Russian President Vladimir Putin is responsible for war crimes in Ukraine that have already left thousands of civilians dead, German Chancellor Olaf Scholz said Tuesday.

German Chancellor Olaf Scholz (SPD) holds a press conference in Berlin on April 19th.
German Chancellor Olaf Scholz (SPD) holds a press conference in Berlin on April 19th.
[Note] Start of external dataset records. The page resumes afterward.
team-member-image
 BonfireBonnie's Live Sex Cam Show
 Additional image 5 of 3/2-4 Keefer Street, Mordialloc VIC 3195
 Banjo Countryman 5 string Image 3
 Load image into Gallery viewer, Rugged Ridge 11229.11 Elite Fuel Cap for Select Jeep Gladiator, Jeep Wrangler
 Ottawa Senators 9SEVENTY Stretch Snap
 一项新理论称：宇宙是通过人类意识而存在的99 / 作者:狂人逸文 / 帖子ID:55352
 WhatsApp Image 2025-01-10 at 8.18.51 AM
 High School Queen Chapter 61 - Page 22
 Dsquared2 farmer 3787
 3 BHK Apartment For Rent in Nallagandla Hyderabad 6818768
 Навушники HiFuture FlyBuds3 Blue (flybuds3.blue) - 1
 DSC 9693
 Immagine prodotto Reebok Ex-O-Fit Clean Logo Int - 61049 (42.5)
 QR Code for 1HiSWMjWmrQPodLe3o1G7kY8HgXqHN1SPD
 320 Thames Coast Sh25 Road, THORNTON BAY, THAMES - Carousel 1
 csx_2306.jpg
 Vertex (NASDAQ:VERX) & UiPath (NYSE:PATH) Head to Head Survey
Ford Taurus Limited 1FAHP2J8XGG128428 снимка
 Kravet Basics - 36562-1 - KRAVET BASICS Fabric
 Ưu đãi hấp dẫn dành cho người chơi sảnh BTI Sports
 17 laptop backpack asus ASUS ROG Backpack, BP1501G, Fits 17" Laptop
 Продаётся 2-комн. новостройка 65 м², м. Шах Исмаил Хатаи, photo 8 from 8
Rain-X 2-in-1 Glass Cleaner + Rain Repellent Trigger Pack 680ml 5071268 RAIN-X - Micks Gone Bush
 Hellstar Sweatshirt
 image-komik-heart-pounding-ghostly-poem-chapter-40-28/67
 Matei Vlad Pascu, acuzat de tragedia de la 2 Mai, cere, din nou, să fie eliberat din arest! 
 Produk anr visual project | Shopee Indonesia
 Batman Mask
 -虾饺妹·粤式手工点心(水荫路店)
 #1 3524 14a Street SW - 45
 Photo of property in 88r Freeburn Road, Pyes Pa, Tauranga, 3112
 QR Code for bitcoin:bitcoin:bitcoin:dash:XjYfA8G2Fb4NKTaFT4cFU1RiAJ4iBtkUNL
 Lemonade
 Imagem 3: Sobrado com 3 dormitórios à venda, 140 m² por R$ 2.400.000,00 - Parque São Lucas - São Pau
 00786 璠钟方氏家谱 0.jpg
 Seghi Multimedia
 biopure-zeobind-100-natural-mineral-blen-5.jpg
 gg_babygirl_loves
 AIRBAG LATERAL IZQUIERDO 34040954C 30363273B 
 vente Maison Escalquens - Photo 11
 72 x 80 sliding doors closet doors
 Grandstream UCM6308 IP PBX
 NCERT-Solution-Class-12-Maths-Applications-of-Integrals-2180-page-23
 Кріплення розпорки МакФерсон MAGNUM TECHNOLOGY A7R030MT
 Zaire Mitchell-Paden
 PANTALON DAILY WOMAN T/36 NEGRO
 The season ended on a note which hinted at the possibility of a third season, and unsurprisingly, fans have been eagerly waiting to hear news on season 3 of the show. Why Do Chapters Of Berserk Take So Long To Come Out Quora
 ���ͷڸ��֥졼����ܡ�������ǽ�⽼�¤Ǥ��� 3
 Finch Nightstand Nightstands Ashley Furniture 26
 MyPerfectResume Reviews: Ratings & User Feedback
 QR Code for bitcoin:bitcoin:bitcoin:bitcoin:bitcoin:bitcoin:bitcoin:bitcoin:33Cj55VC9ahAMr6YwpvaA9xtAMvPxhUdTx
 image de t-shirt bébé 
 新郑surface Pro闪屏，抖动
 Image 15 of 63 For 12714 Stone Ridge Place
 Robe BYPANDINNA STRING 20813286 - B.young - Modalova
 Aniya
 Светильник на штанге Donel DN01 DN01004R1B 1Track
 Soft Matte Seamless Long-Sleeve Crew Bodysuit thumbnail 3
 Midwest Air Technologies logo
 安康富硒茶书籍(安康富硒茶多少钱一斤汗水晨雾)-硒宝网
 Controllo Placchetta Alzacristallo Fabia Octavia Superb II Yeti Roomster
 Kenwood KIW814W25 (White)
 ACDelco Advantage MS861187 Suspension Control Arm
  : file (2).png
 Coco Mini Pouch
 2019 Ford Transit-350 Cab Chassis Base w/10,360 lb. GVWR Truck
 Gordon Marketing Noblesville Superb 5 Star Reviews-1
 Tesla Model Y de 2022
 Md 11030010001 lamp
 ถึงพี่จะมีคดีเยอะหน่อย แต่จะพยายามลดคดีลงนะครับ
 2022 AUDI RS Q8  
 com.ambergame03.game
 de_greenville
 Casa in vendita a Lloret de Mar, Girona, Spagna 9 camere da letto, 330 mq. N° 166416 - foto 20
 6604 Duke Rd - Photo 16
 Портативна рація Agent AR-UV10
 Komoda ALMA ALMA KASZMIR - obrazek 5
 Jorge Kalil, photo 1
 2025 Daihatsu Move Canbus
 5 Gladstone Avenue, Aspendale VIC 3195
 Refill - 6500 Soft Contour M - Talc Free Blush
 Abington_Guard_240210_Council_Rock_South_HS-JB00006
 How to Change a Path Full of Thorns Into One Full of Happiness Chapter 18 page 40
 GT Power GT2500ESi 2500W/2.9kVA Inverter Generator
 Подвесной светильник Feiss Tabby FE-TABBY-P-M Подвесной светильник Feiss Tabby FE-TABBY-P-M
Photo: picture alliance/dpa/Reuters/Pool | Lisi Niesner

“Russia’s invasion of Ukraine remains a blatant breach of international law,” Scholz told reporters following virtual talks with Western leaders on the conflict.

“The killing of thousands of civilians as we have seen is a war crime for which the Russian president bears responsibility,” he said.

“We feel immense grief for the victims and also, it must be said, great anger towards the Russian president and this senseless war.”

Scholz, who is facing growing pressure at home to authorise sending heavy weapons to Ukraine, said a “new phase” had begun in the conflict with Russia’s fresh offensive in eastern Ukraine. 

But despite being repeatedly pressed by reporters on the question of sending tanks, fighter jets or other heavy weapons, Scholz remained vague.

The Social Democrat reiterated that NATO would not get involved in the conflict, but said Western allies were united in their resolve to support Ukraine.

Germany has already shipped anti-tank weapons, surface-to-air missiles, ammunition and other defensive weapons to Ukraine.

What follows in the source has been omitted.